DATA FOR ANALYSIS:
┏━━

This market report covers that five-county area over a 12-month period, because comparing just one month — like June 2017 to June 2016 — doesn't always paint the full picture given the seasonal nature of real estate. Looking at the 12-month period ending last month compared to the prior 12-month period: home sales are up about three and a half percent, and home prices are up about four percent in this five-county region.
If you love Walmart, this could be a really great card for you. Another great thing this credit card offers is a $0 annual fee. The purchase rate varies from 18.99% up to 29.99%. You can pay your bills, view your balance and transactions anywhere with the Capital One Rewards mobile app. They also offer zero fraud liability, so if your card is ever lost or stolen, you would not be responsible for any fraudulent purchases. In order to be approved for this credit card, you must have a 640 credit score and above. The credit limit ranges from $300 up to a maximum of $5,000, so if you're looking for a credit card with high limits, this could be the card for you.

┗━━
┏━━

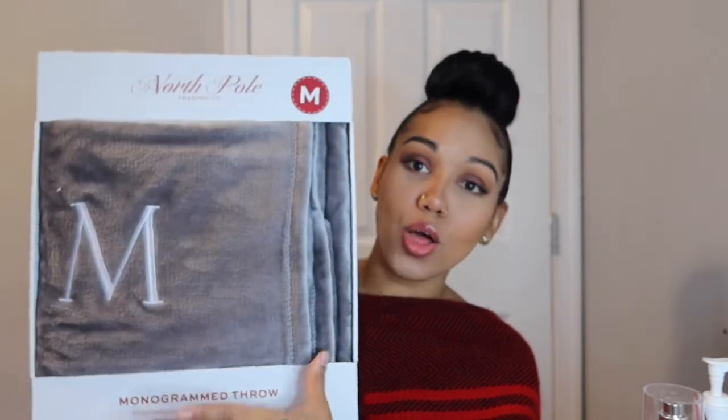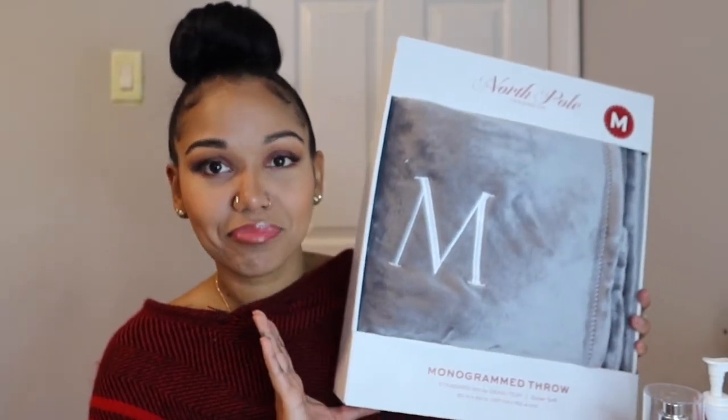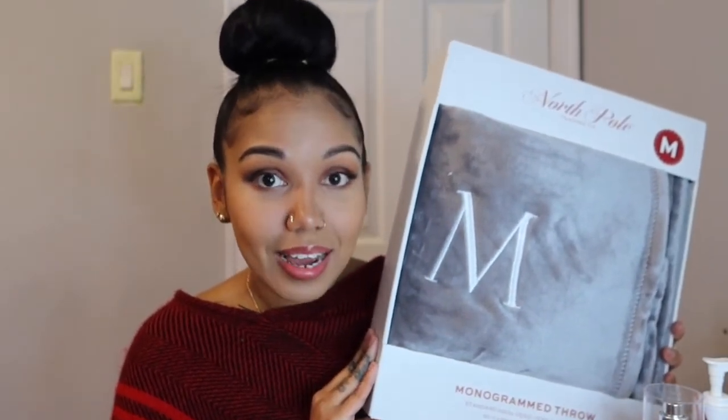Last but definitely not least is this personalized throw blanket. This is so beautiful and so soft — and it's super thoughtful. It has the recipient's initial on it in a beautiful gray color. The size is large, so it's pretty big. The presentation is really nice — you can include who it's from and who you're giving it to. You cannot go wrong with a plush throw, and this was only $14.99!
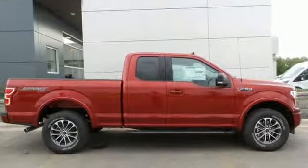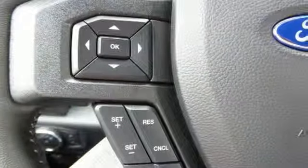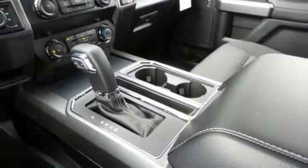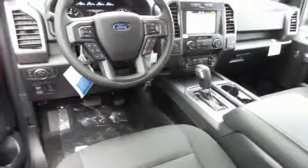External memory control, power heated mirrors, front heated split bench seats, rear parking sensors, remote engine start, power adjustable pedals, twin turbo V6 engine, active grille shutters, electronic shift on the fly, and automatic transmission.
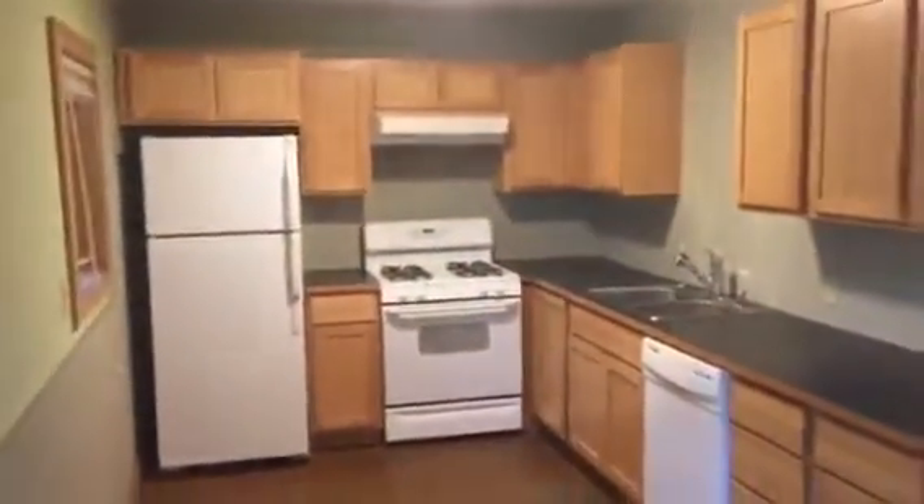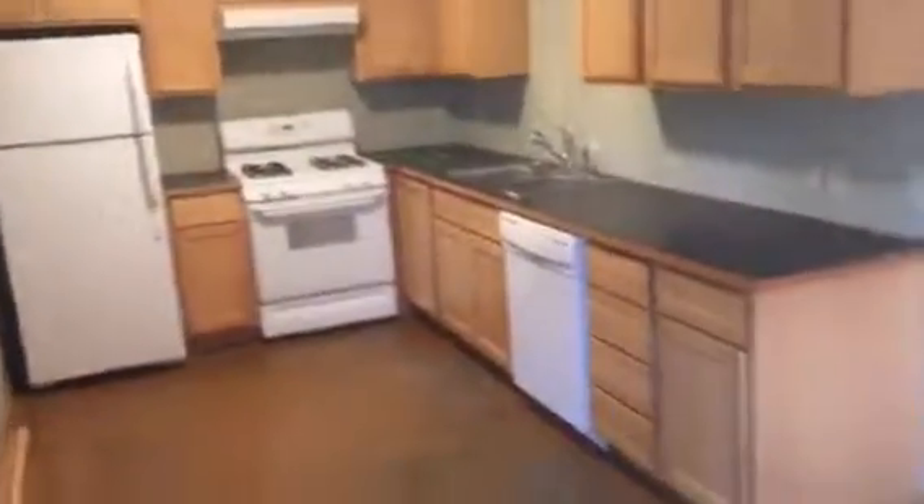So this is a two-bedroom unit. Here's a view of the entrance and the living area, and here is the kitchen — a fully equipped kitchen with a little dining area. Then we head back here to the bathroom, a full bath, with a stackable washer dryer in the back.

┗━━

WORK INSTRUCTION: All lines above from the one containing "External memory control, power" up to and including the one containing "So this is a" are to be set down exactly, and nothing else. Leave images out.

SOLUTION TO THIS EXERCISE:
External memory control, power heated mirrors, front heated split bench seats, rear parking sensors, remote engine start, power adjustable pedals, twin turbo V6 engine, active grille shutters, electronic shift on the fly, and automatic transmission.
So this is a two-bedroom unit. Here's a view of the entrance and the living area, and here is the kitchen — a fully equipped kitchen with a little dining area. Then we head back here to the bathroom, a full bath, with a stackable washer dryer in the back.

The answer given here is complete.